Assigned task
Return only the lines from the start of the records through the line that contains "Ümit Maker Ilife", inclusive; leave out all pictures.

Supplied data
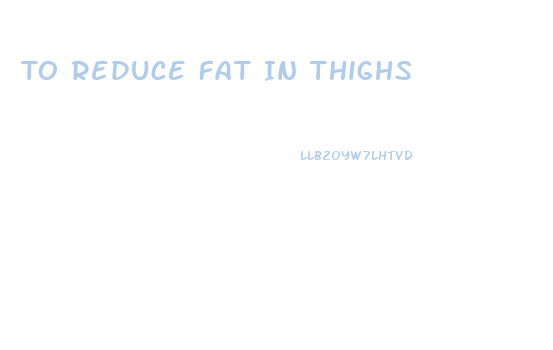 To Reduce Fat In Thighs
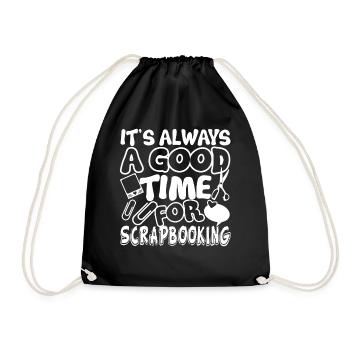 Scrapbook Good Time For Scrapbooking - Drawstring Bag - black - Front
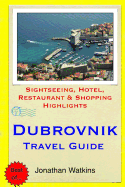 Dubrovnik Travel Guide: Sightseeing, Hotel, Restaurant & Shopping Highlights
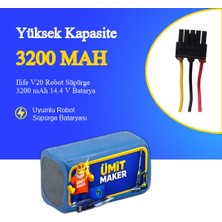 Ümit Maker Ilife V20 Robot Süpürge 3200 Mah 14.4V Batarya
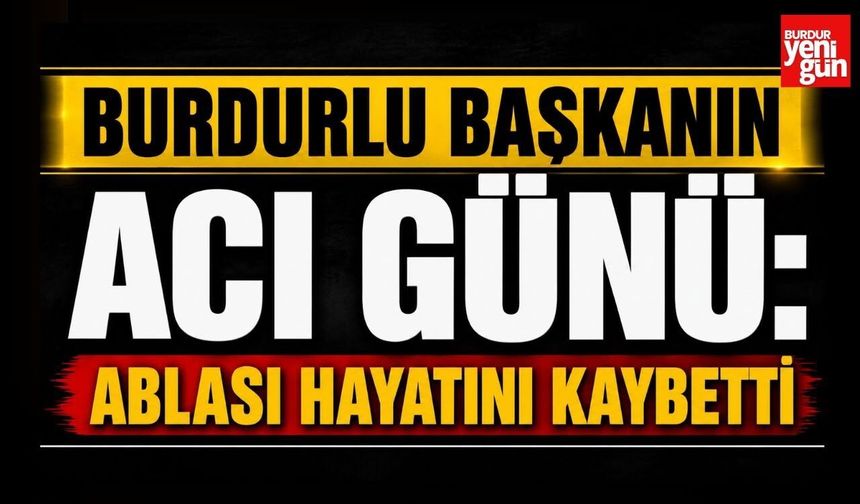 Burdurlu Başkanın Acı Günü: Ablası Hayatını Kaybetti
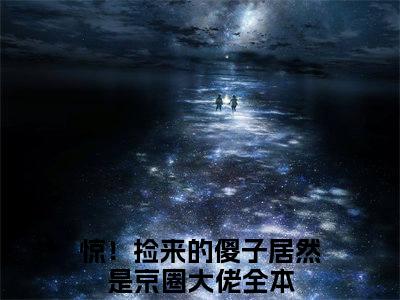 (番外)+(全文)周暮行江眠：结局+番外(惊！捡来的傻子居然是京圈大佬)小说最新列表_周暮行江眠：结局+番外(惊！捡来的傻子居然是京圈大佬)全文阅读无弹窗周暮行江眠：结局+番外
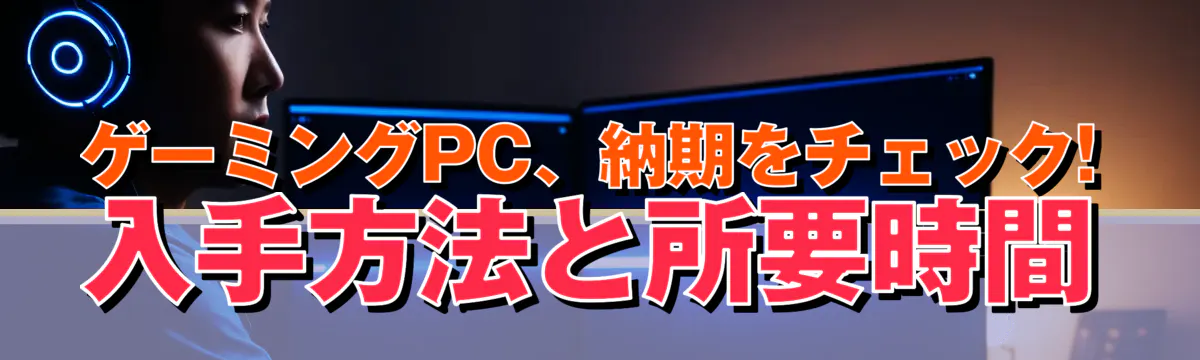 ゲーミングPC、納期をチェック! 入手方法と所要時間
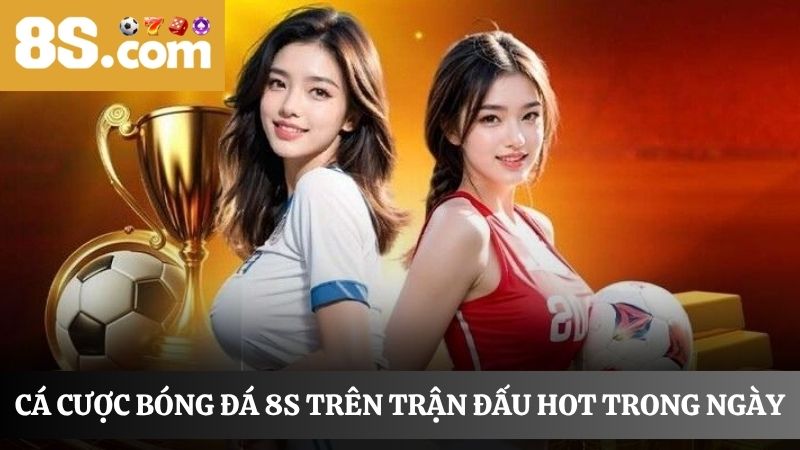 cập nhật kèo cá cược bóng đá 8S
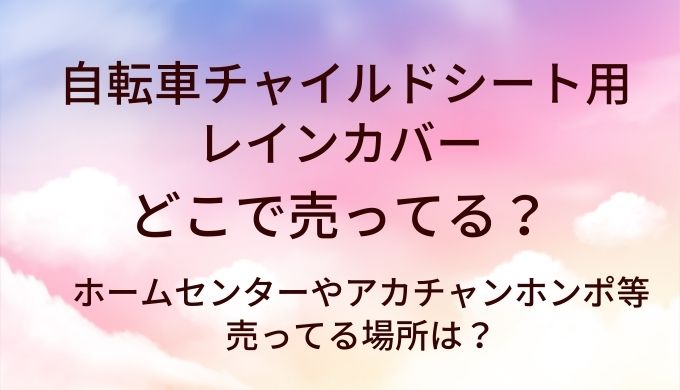 自転車チャイルドシート用レインカバーはどこで売ってる？西松屋等売ってる場所は？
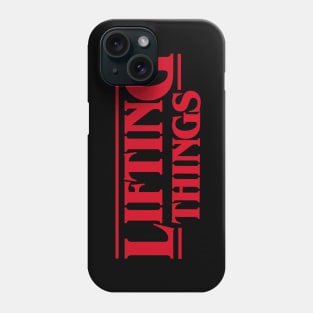 Lifting Things funny gym weightlifting workout Phone Case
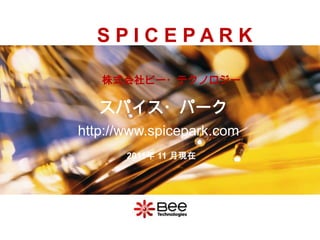 S P I C E P A R K 株式会社ビー・テクノロジー スパイス・パーク http://www.spicepark.com 2011年 11月現在 All Rights Reserved Copyright (C) Bee Technologies Inc. 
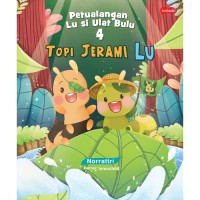 Petualangan Lu si ulat Bulu 4 : Topi jerami lu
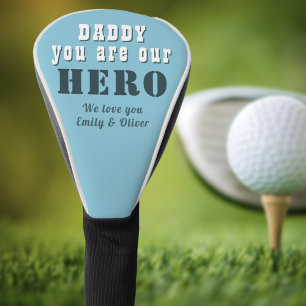 Daddy you are our Hero Typography Father`s Day Golf Head Cover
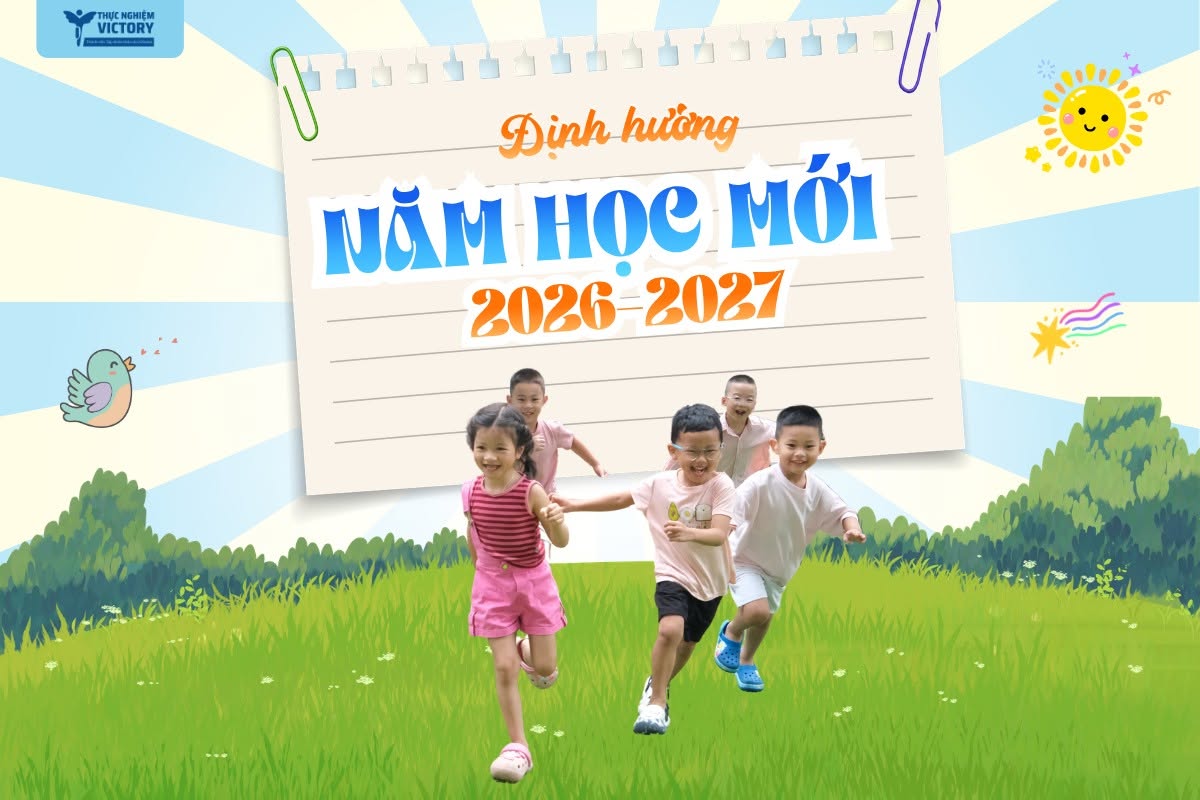 MẦM NON THỰC NGHIỆM VICTORY: ĐỊNH HƯỚNG NĂM HỌC 2026–2027 1 773662669 27598628686446473 3180804741472347424 n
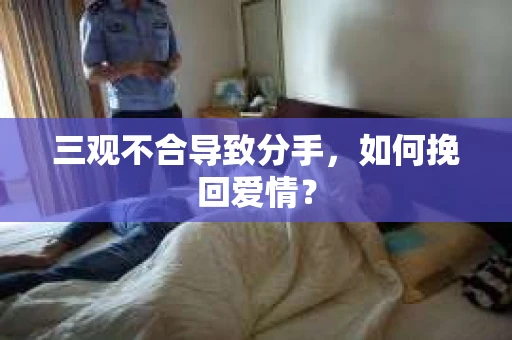 三观不合导致分手,如何挽回爱情? 三观不合导致分手,如何挽回爱情?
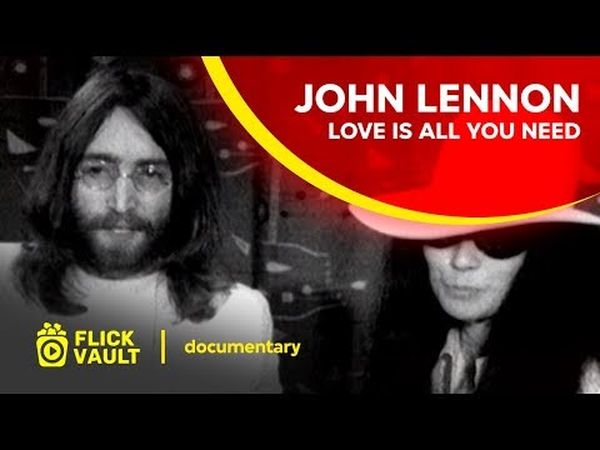 John Lennon: Love Is All You Need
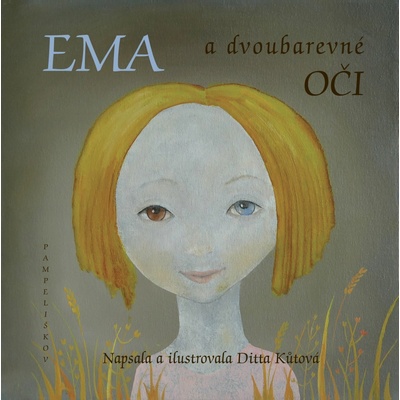 Nakladatelství Pampeliškov Ema a dvoubarevné oči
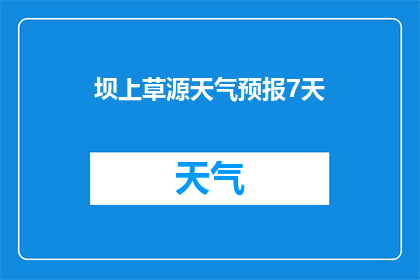 坝上草源天气预报7天(您期待了解的坝上草源未来七天的天气情况是怎样的？)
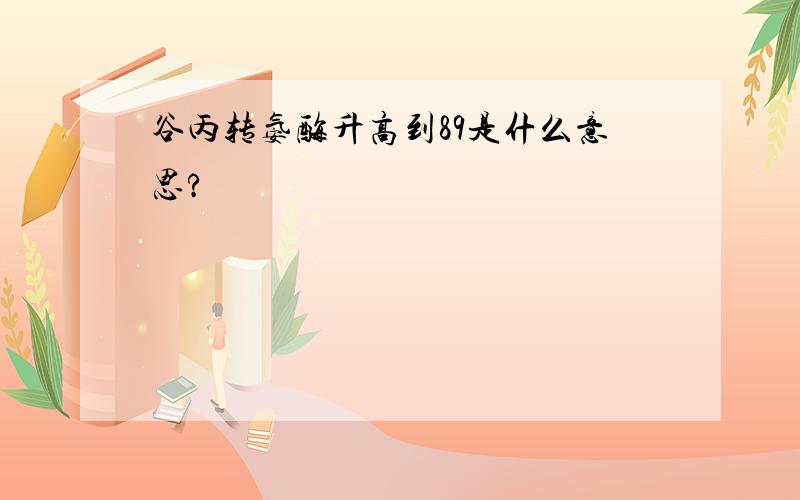 谷丙转氨酶升高到89是什么意思?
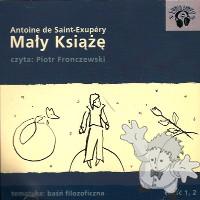 Maly Ksiaze
Antoine De Saint Exup
Audio Liber
[Polish/Poland]
CDROM

2003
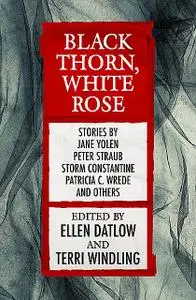 «Black Thorn, White Rose» by Ellen Datlow, Terri Windling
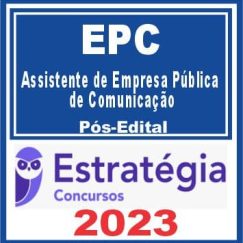 EPC (Assistente de Empresa Pública de Comunicação) Pós Edital - Estratégia 2023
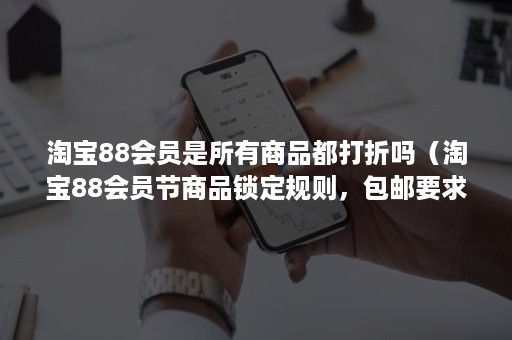 淘宝88会员是所有商品都打折吗（淘宝88会员节商品锁定规则，包邮要求是什么？）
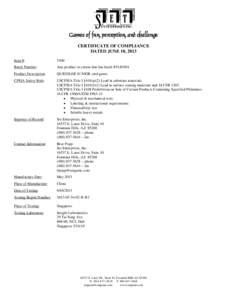 110th United States Congress / Consumer Product Safety Commission / Consumer Product Safety Improvement Act / Set Enterprises / Quiddler / Phthalate / Fax / Laser / Games / Technology / Rummy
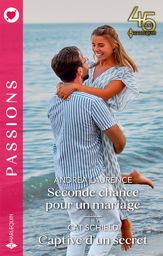 Seconde chance pour un mariage - Captive d'un secret - 1 Aug 2023
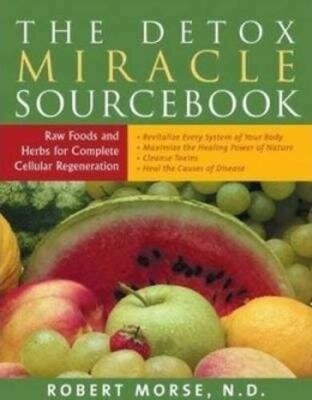 Detox Miracle Sourcebook: Raw Foods And Herbs For Complete Cellular Regeneration цена и информация | Võõrkeele õppematerjalid | kaup24.ee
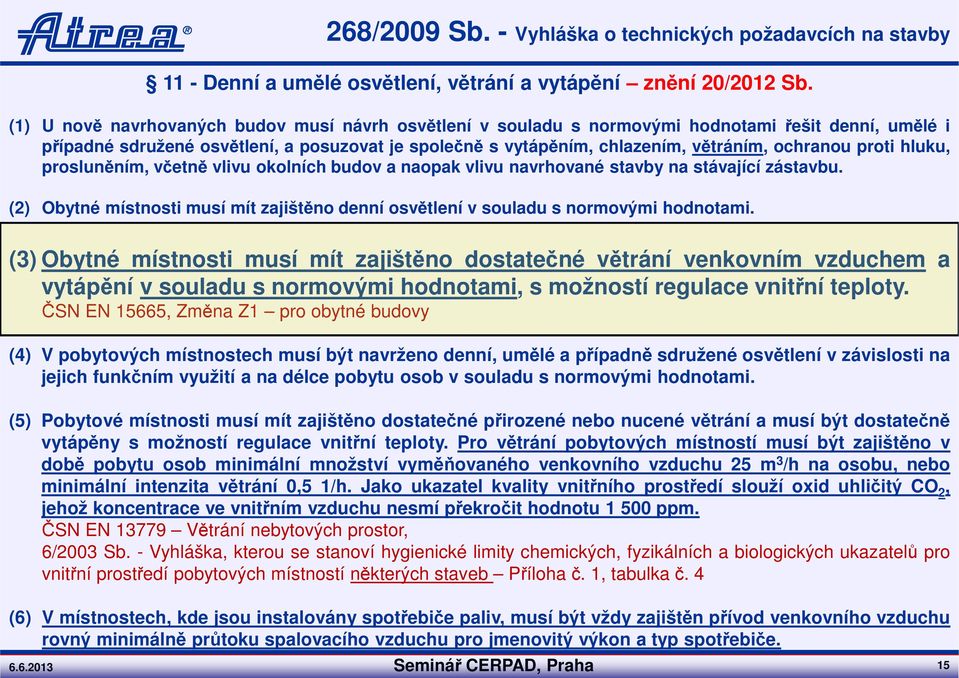 proti hluku, prosluněním, včetně vlivu okolních budov a naopak vlivu navrhované stavby na stávající zástavbu. (2) Obytné místnosti musí mít zajištěno denní osvětlení v souladu s normovými hodnotami.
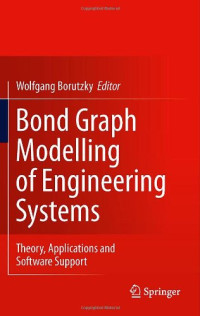 P.C. Breedveld (auth.), Wolfgang Borutzky (eds.) — Bond Graph Modelling of Engineering Systems: Theory, Applications and Software Support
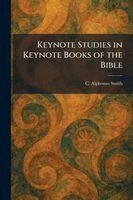 C Alphonso Smith - Keynote Studies in Keynote Books of the Bible, Häftad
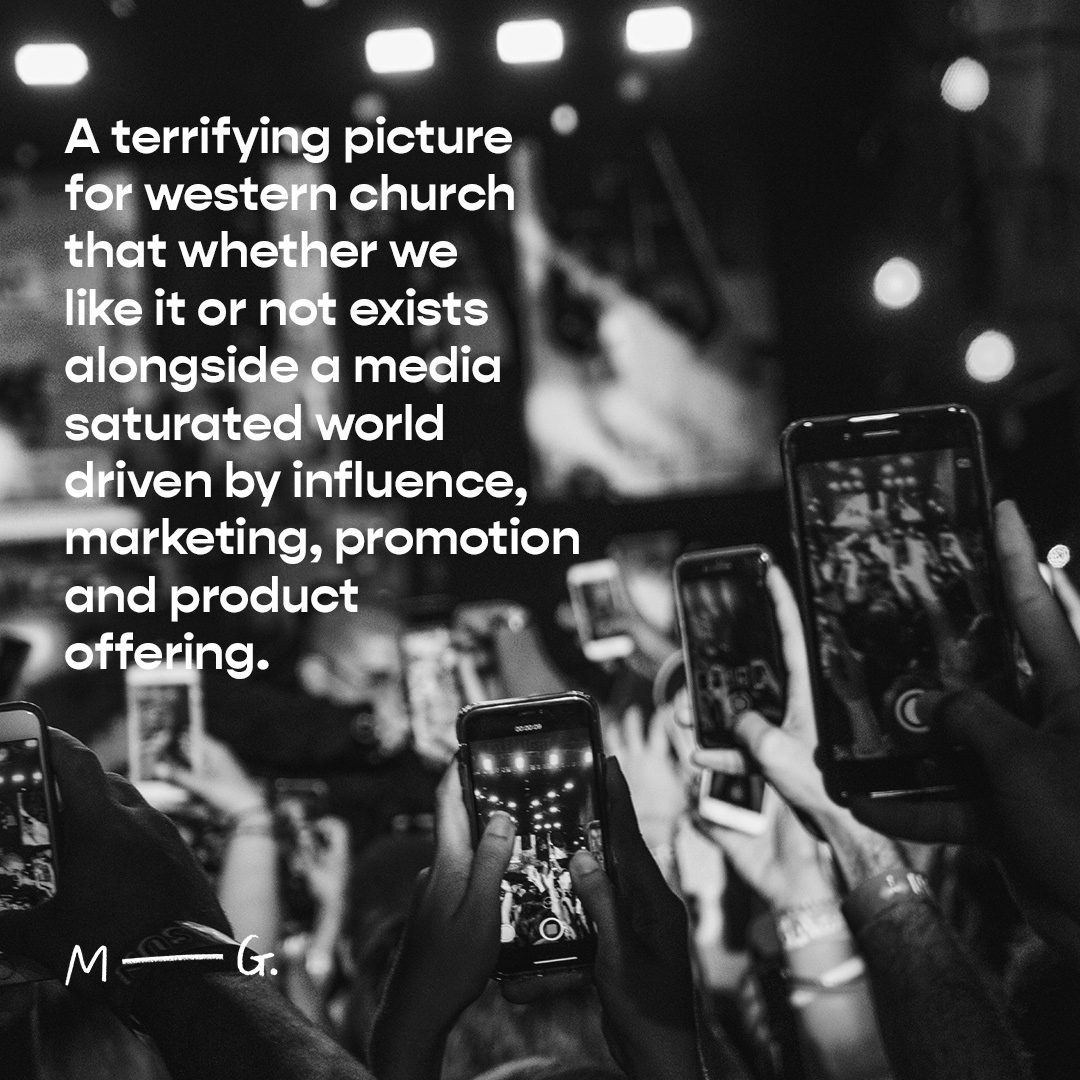 _MikeGore's tweet photo. A terrifying picture for the western church that whether we like it or not exists alongside a media-saturated world driven by influence, marketing, promotion and product offering. https://t.co/CntsiMYeiB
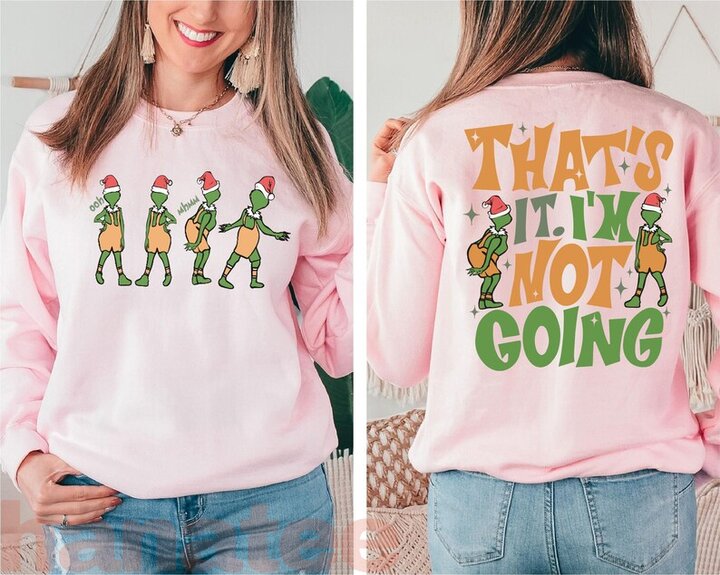 That's It I'm Not Going Christmas 2 Sides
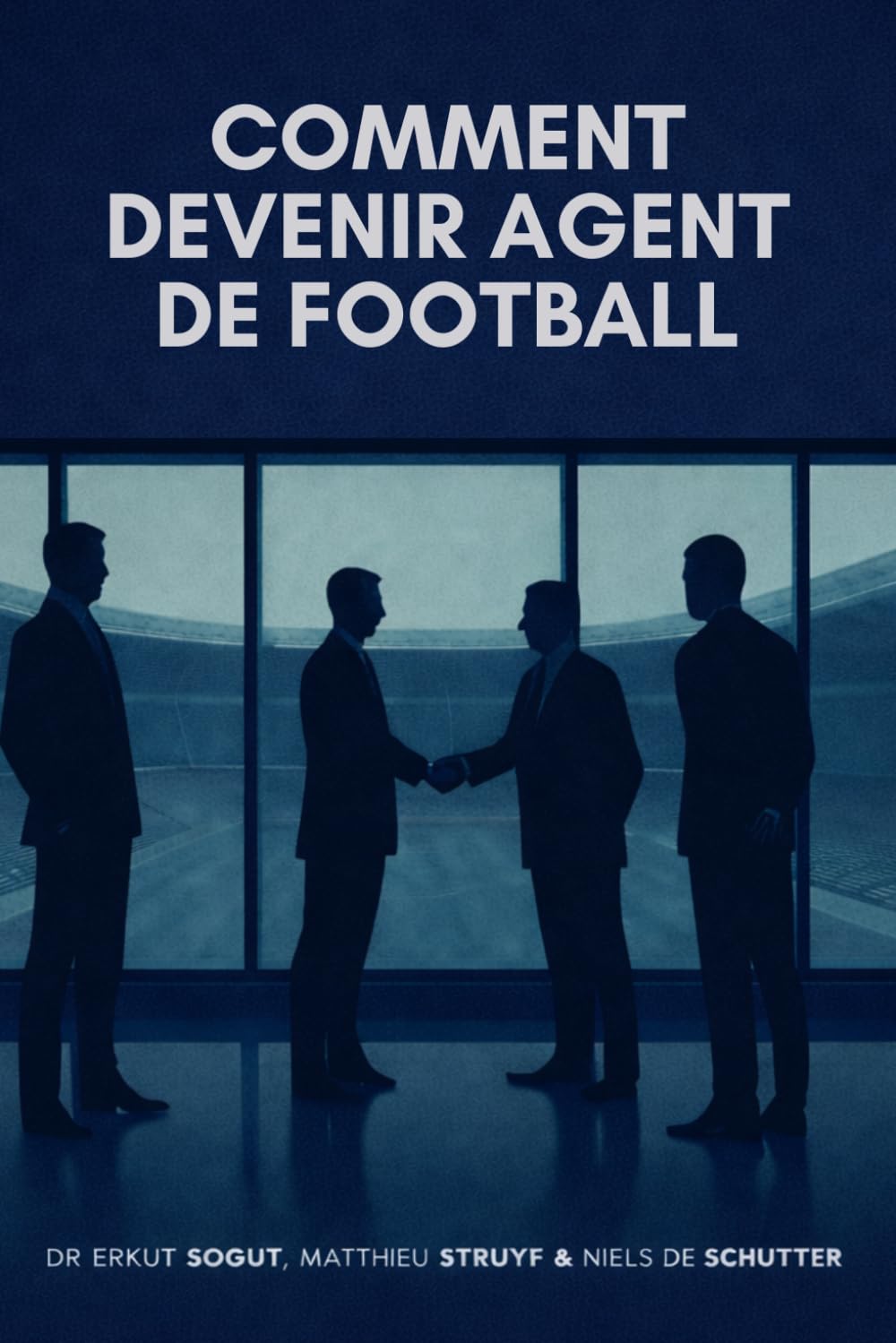 Comment devenir agent de football: 3ème edition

Completed task
 To Reduce Fat In Thighs
 Scrapbook Good Time For Scrapbooking - Drawstring Bag - black - Front
 Dubrovnik Travel Guide: Sightseeing, Hotel, Restaurant & Shopping Highlights
 Ümit Maker Ilife V20 Robot Süpürge 3200 Mah 14.4V Batarya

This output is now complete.